Wichita, KS was the 41st stop of the tech tour and it was the best way to wrap up this year. [RECAP VIDEO] We’re going to take the next couple of weeks to rest, recharge, catch up on emails and nail down the 2017 tour. We’re definitely doing this again.

  1. “I now see it’s not speed of doing that matters. It’s speed of learning.” [Link] [Tweet]

This is a sobering look at what happens when you try to grow a bit too fast. To be fair though, 99% of the companies we meet aren’t growing fast enough — or at all.

It’s a fuzzy line but it’s better to be growing too fast (so you can pull back) than to be growing too slow. Default to fast.

2. “I will only meet people who genuinely give a shit about what I do.” [Link] [Tweet]

If someone shoves a business card at you before they learn at least one thing about you, they’re not that interested in you.

3. What do Elite Venture Investors Read Every Morning? [Link] [Tweet]

Email newsletters are the morning newspapers of our generation. I made a quick list of things you should skim every morning.

4. “there is zero correlation between how much money goes into a company and its exit value.” [Link] [Tweet]

Many of the founders I meet — especially outside of Silicon Valley — don’t seem to understand that an investor’s fund size usually dictates the minimum size they want you to reach.

Big funds need big exits. Small funds don’t mind smaller exits. It’s a bit more complicated than that in real life but that’s the gist.

5. “I know a lot of companies that failed due to lack of focus.” [Link] [Tweet]

I know a lot of companies that failed due to lack of focus. I can’t think of one that failed because they were too focused.

I can openly admit that nearly every failure I’ve experienced over the past few years was directly related to my own lack of focus.

I’ve got the same 24 hours in the day as you.

Do one thing well and don’t do anything else until you can get that one thing turned into a business that can run reasonably well whenever you’re not involved. Then — and only then — you can start to experiment with other things.

6. “Tesla spends $6 on advertising for every car sold (compared to the $2k+ that Lincoln spends per car).” [Link] [Tweet]

Most purchases (and investments) are emotional, not rational.

7. “Find (hunt down) people who are currently practicing but are not blogging about it” [Link] [Tweet]

For anyone currently looking for growth hacks online, stop reading blogs. Think about it: no one reasonable would openly talk about a good growth hack until it stops working for them.
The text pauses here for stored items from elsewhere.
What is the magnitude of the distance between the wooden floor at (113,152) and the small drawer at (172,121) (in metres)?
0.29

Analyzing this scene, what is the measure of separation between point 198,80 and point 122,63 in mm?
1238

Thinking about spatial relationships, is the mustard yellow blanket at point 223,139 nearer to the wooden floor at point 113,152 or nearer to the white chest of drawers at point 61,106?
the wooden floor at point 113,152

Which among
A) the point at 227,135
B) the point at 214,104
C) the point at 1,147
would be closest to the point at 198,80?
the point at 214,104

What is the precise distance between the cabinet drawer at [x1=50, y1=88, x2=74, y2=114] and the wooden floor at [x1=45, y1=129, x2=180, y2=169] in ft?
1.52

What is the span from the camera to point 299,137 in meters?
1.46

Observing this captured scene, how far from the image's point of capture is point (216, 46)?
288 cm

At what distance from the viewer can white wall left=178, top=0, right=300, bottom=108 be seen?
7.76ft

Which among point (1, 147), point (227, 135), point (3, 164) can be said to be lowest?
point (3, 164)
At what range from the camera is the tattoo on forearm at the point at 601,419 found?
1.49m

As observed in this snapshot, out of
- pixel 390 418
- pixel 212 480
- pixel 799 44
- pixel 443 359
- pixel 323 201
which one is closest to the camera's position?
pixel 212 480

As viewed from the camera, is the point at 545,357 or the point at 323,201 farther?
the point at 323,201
By the time you read about it, the experts have moved on to the next thing and won’t tell you about it until they’ve exploited it.

The point is that you should be paying attention to what people do, not what they say.
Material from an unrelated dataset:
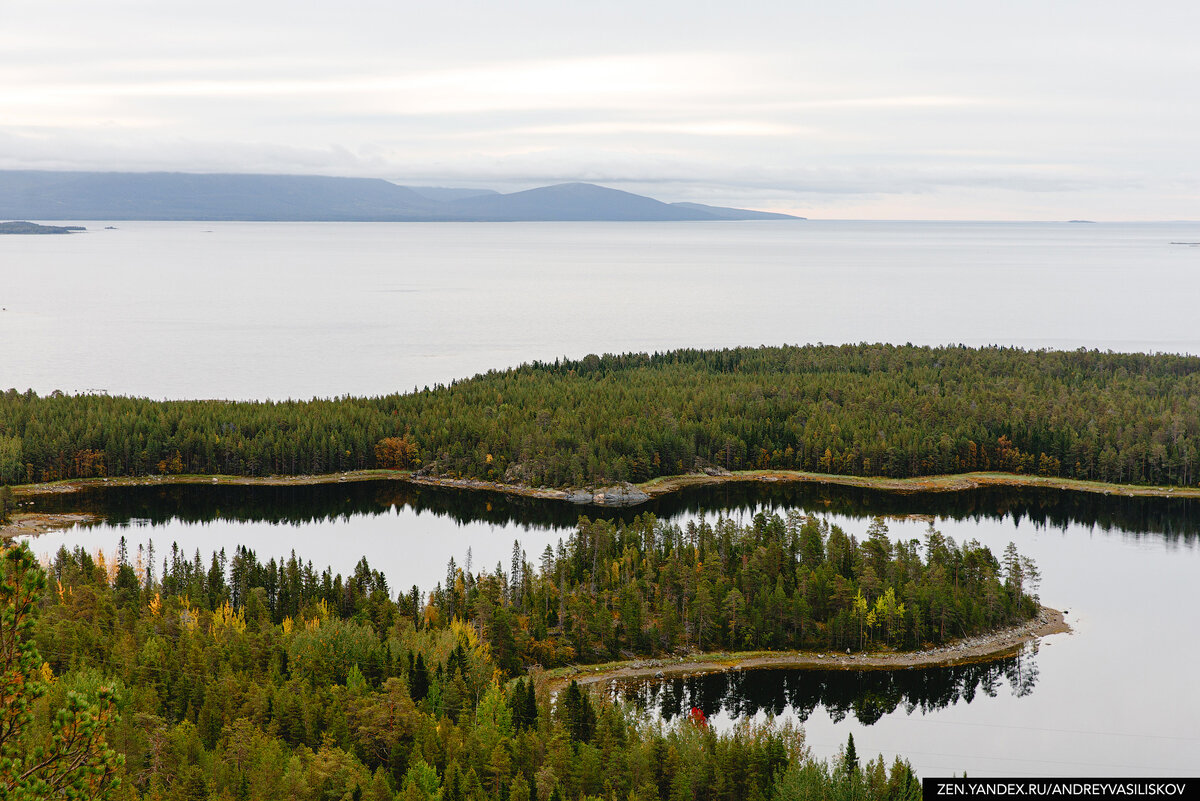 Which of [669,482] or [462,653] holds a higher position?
[669,482]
8. “Whether bootstrapped or funded, there is nothing easy about the lifestyle of building a business.” [Link] [Tweet]

I’m not sure why people talk about venture-funded companies as it they’re somehow better than their bootstrapped counterparts.

When you’re bootstrapped, you can pretty much do anything you want as long as you continue to grow your revenue. When you’re venture-funded, there are only three ways off the “venture treadmill” itself: M&A, IPO or failing.

9. “It now takes much less time to self-fund a SaaS business to profitability.” [Link] [Tweet]

One of the hardest things about the tech tour has been repeatedly noticing that the “common sense” people have in the Valley isn’t quite common everywhere else.

99% of what people need to know about growing their business is already online.

10. “People are falling behind because technology is advancing so fast and our skills and organizations aren’t keeping up.” [Link] [Tweet]

This is one of the most balanced things I’ve read about the recent election. Technology is moving faster than ever and the people being left in the wake have few ways to re-invent themselves.